As part of my documentary I’ve asked people to describe a memorable listening moment. This clip features Jeff Thompson and James Michie talking through some formative listening experiences.
Here’s a little flavour of the documentary, I recently interviewed Greg Wilson as part of the project. The full interview will be in the finished doc.
An excellent interview with Fort Romeau up on Fact that has lots of parallels with this project. A couple of snippets:
“In contemporary life, our attention is more fractured and intermittent than at any point in human history. If you by any chance you are reading this, it’s probable you have at least 4 other browser windows open, perhaps a beeping Twitter application, two conversations on Facebook, a YouTube video paused and a song playing on Spotify all whilst checking your emails for the second time in as many minutes, to try and avoid whatever it is you are supposed to be doing on Excel/Word/Illustrator, etc”
“We simply do not pay enough attention. The activities which require most mental energy are often rushed or avoided, and our enjoyment and fulfillment consequently suffer. So I propose vinyl listening, not as a replacement, but as a vital supplement to the digital, instant, virtual world. It provides us with a connection to the physical and tangible world that we are rapidly leaving behind”
Sound familiar? read the full article here.
I recently did an interview with Chorus & Echo about this very project, have a read of it here.

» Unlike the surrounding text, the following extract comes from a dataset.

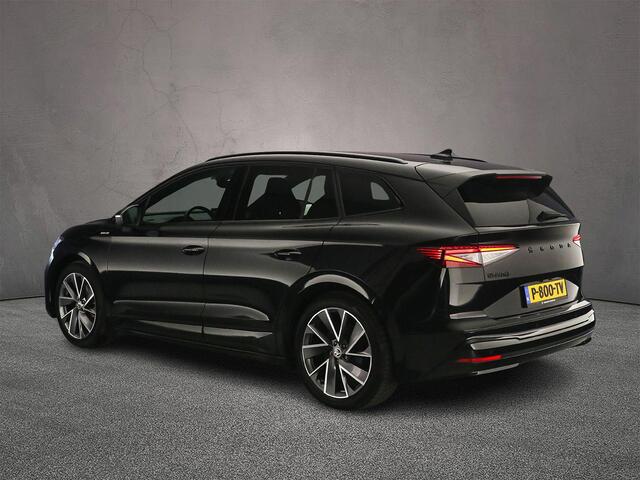 Skoda Enyaq iV 60 Sportline 180pk Automaat Warmtepomp, Adaptive cruise control, Navigatie, Achteruitrijcamera, Stuurwiel verwarmd, LED matrix koplampen, Stoelverwarming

The next record in Greg Wilson’s ‘Living To Music’ series is Pink Floyd’s ‘Wish You Were Here’. If you are not familiar with Greg’s series here are the details:
It’s so rare these days that you see a group of people sit quietly in a room and really listen to music. Even if that’s the intention, no sooner has the first track started than two begin talking, or maybe another answers their mobile and is chatting away to someone elsewhere. Even silence is deceptive, as on the scene ‘breaking news’ is conveyed to absent friends via text, twitter or facebook.

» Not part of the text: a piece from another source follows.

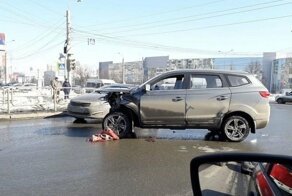 Авария дня. Момент жёсткого ДТП на перекрёстке в Челябинске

These people may think they’re listening, but their ears are passive – they’re hearing but not feeling what they hear. To truly listen is to actively absorb yourself without distraction – to respectfully pay the proper attention that the artist who made that music hoped it would be given.

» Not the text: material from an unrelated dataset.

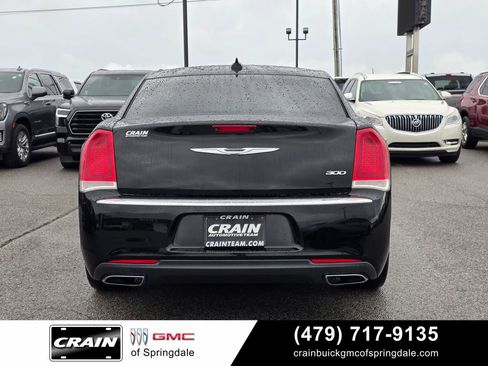 Used 2018 Chrysler 300 Limited RWD image 6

You can read the full post here. Sunday’s session starts at 9pm (British time). See you there?
The Digital Human is an excellent podcast on BBC Radio 4, it looks at how technology is shaping our lives. Episode seven is particularly interesting as it poses the question ‘Can serendipity be engineered by digital systems?’
Serendipity is a subject that always intrigues me, this episode of the series through up some very interesting parallels with this project. The theory of Dérive is mentioned:
‘In a dérive one or more persons during a certain period drop their relations, their work and leisure activities, and all their other usual motives for movement and action, and let themselves be drawn by the attractions of the terrain and the encounters they find there. Chance is a less important factor in this activity than one might think: from a dérive point of view cities have psychogeographical contours, with constant currents, fixed points and vortexes that strongly discourage entry into or exit from certain zones’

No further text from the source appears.